After producing more than a handful of the best animated movies in recent memory, Pixar has set the bar so high that everything it does is supposed to be even better than the last. Sorry, but is it even possible for an animated movie to be more nostalgically fun than Cars? More heartfelt than Toy Story 3? More beautiful and inventive than Wall•E?

It’s a shame, because in a vacuum, Brave is amazing. It’s fantastically animated (you’ll swear Pixar traveled back in time and actually filmed the Scottish highlands), it has great characters (from strong leads to cartoonish buffoons), and the story will keep you riveted until the very end.

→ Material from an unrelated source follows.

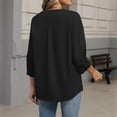 thumbnail image 4 of Button Down Shirts for Women 3/4 Length Sleeve Tops V Neck Blouses Business Casual Outfits Loose Fit Black XL, 4 of 6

Merida (Kelly Macdonald) is a headstrong young Scottish lass in the days of kilts and castles. A tomboy at heart, she lives for days atop her trusty Clydesdale Angus launching arrows at far-off targets. Her mother Elinor (Emma Thompson), however, is a traditionalist, frustrated with her daughter’s unwillingness to follow the path laid out before her– of choosing a suitor from one of three neighboring clans.

Frustrated, Merida runs off into the woods where she trips on a craggy witch (Julie Walters) who grants the young girl’s wish to have a spell that could change her mother’s mind.

The result (as we know from most fairy tales) doesn’t go as planned, and Merida must make things right by (as we know from most fairy tales) learning a valuable life lesson.

The script from co-directors Mark Andrews and Brenda Chapman, along with Irene Mecchi and Steve Purcell, does seem derivative at times, but isn’t that why fairy tales have lasted for centuries? If we didn’t enjoy these stories, they wouldn’t be handed down from generation to generation.

Brave borrows from many different sources, including Beauty and the Beast and Disney’s Robin Hood, but there’s so much originality at work here, too, that it stands solidly on its own– whether in the hijinks of the hilarious carrot-top triplets (Hamish, Harris, and Hubert) or the epic, nail-biting finale.

It’s the animation, though, that will leave you floored. From the intricate details of Merida’s fiery curls to the ethereal mist in the spookiest forest this side of the Fire Swamp, Brave is as visually remarkable as anything Pixar has shown us to date (save, maybe, Wall•E).

No question Brave is the most intense (and, therefore, most unfit-for-all-ages) Pixar film, but there also plenty of levity and goofball humor to balance things out.

And, in keeping with the Pixar tradition, there’s a delightful short (La Luna) beforehand, and you can also keep an eye out for the trademark Pizza Planet truck (in the witch’s hovel) and an ear out for Pixar’s good luck charm John Ratzenberger (voicing Gordon, a Scottish guard).

Most of all, keep an open mind and enjoy Brave on its own. It earns it.